→ **AVAILABLE DATA**:

- - - - -

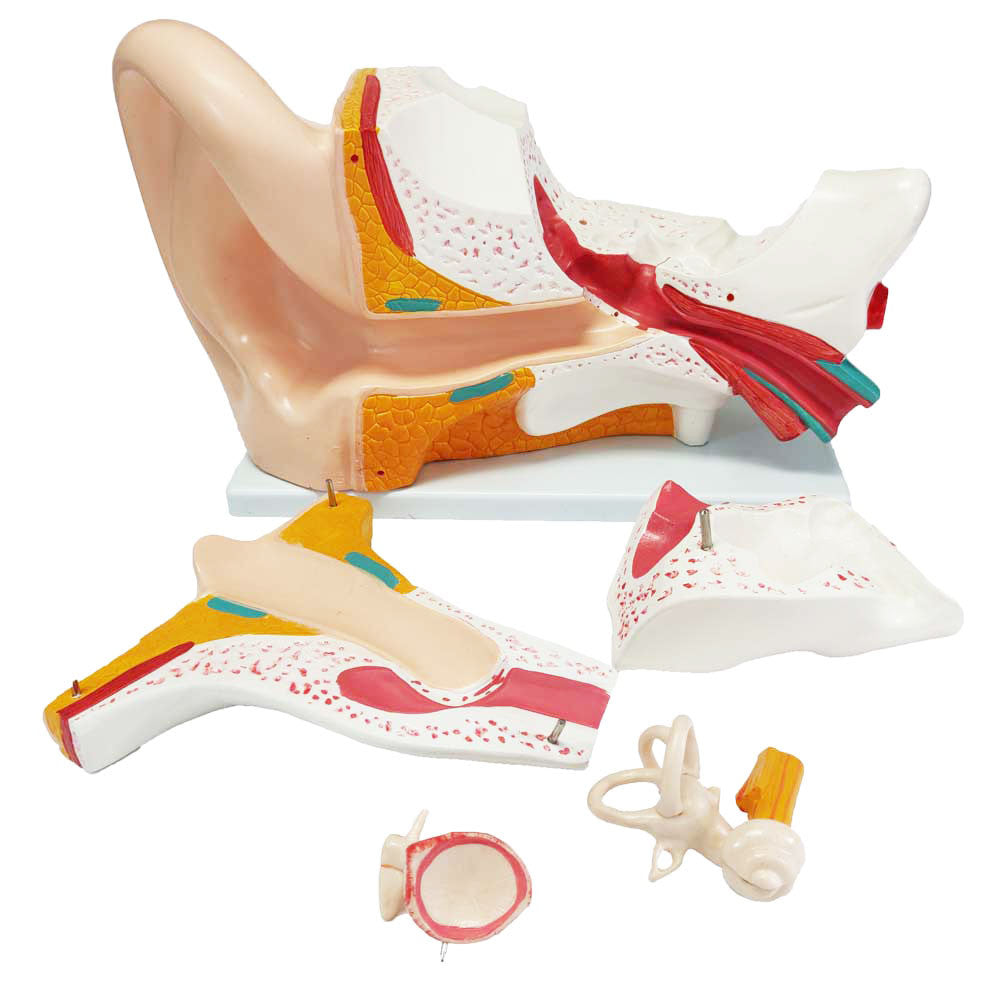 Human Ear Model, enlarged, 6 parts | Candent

- - - - -

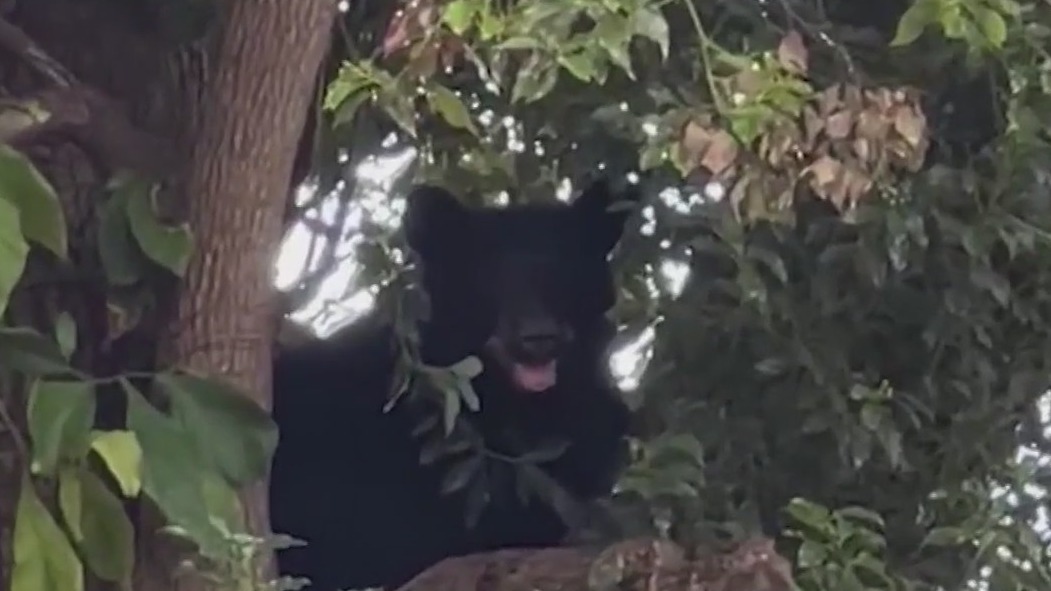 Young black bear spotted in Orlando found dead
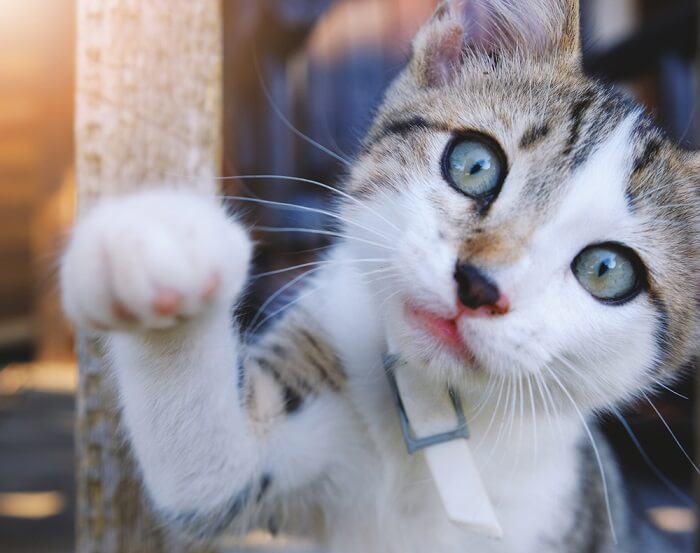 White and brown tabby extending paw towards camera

- - - - -

→ **WORK ITEM**:
Reproduce the lines above starting at the one with "Young black bear" and ending at the one with "White and brown", both included, exactly and with no pictures.

→ **WRITTEN ANSWER**:
 Young black bear spotted in Orlando found dead
 White and brown tabby extending paw towards camera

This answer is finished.